Maybe there's something inherently wrong with targeted ads...


"Targeting" seems to me to be completely synonymous with "discriminating".


Pretty much every ad ever written in any medium is targeted to some degree or other.


Is it inherently wrong to publish an ad in the Wall Street Journal and not then publish the same ad in Teen Vogue?


No. Because anyone can buy the WSJ and Teen Vogue and see the ad.

If you're excluded from being targeted by an FB ad you have no chance of seeing it. If that exclusion criteria forms the basis of a protected class and the ad in question relates to housing, that's illegal. So it's a very narrow set of behaviors that are wrong here, not all of ad targeting.

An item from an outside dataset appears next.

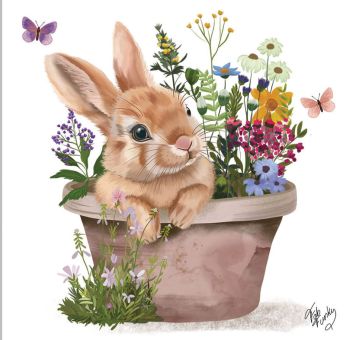 Paperproducts Servietten 25x25 cm Colette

E.g. it's probably not illegal (or even morally wrong) to exclude someone who is interested in topics such as "Hinduism" from ads for beef jerky. Even though religion is a protected class, beef jerky isn't housing.

Similarly, it's (probably) not wrong to exclude low-income people from ads for your high-end condo because AFAIK income isn't a protected class.

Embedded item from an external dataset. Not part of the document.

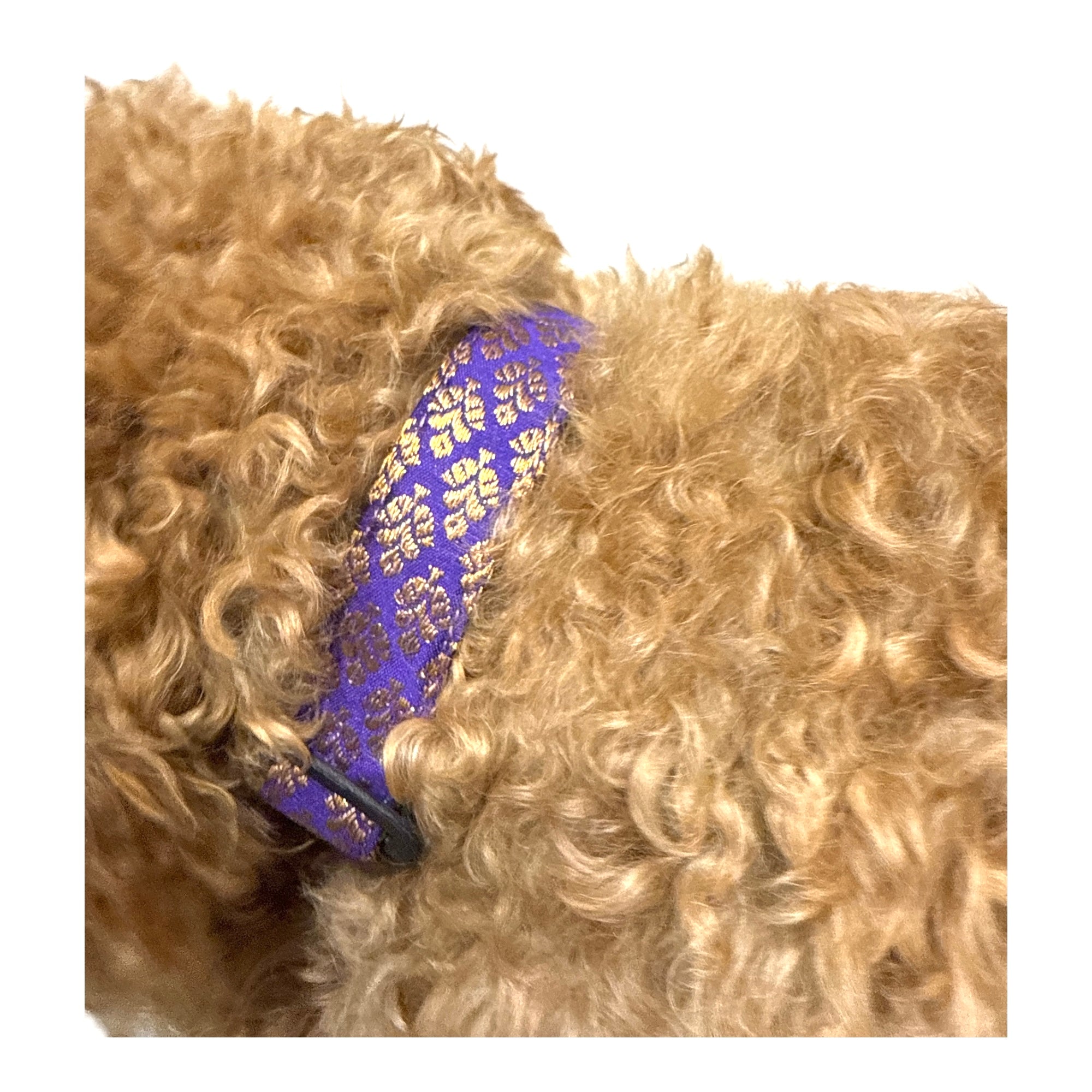 Coctail Purple Brocade Leash n Collar Set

I'm not sure it's that easy. The complaint dings Facebook for allowing targeting of ads by zip code. Isn't it the case in principle that people choose to live in certain areas? I don't think that discriminating on the basis of voluntary association that happens to correlate with protected group membership is enough to spare one from HUD's gaze.


That's just one of the charges. The others are even more damning - targeting by sex, religion or country of origin.

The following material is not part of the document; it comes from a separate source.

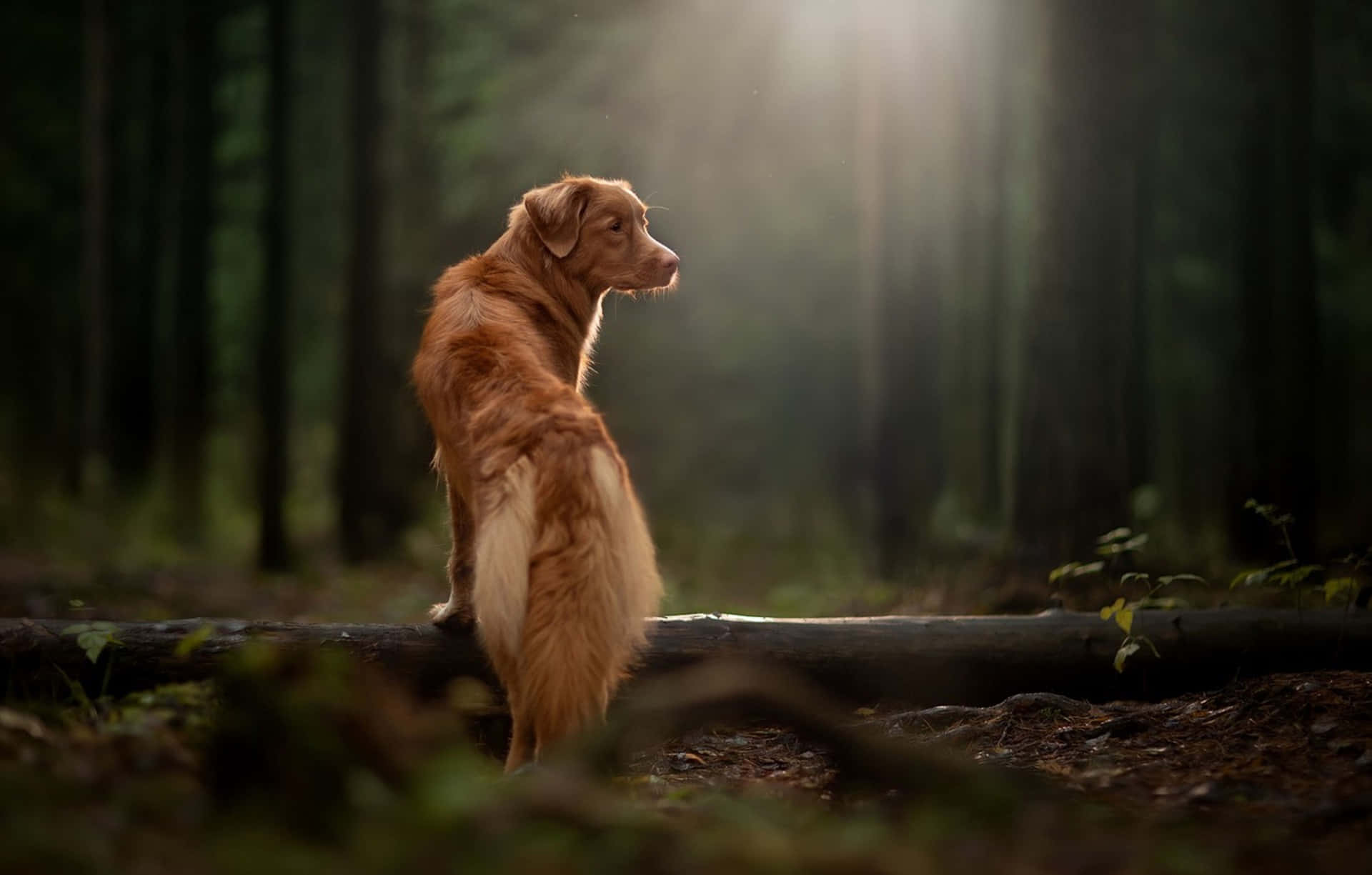 Hundi Den Vackra Skogsbilden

No, which suggests to me that something changes when you cross from print advertising to digital advertising, but I'm not sure what.


Is it wrong to publish an ad on the Wall Street Journal website and not run the same ad on the Teen Vogue website?


Is that something that actually happens? Do people say "let's run this ad on teenvogue.com"? Don't websites (especially businesses of the scale of WSJ/vogue/etc) get their ads from ad networks?


My question stands.

It's easy in current ad targeting setups to limit an ad to running on particular sites or to prohibit an ad from running on certain sites.

If someone were to run an ad and configure the campaign such that it appeared on the Wall Street Journal website and not the Teen Vogue website, would this action have any different moral or legal character from deciding to run a print at in the Wall Street Journal instead of Teen Vogue?

Why or why not?


Maybe there's something inherently wrong with thought-policing via "anti-discrimination" laws.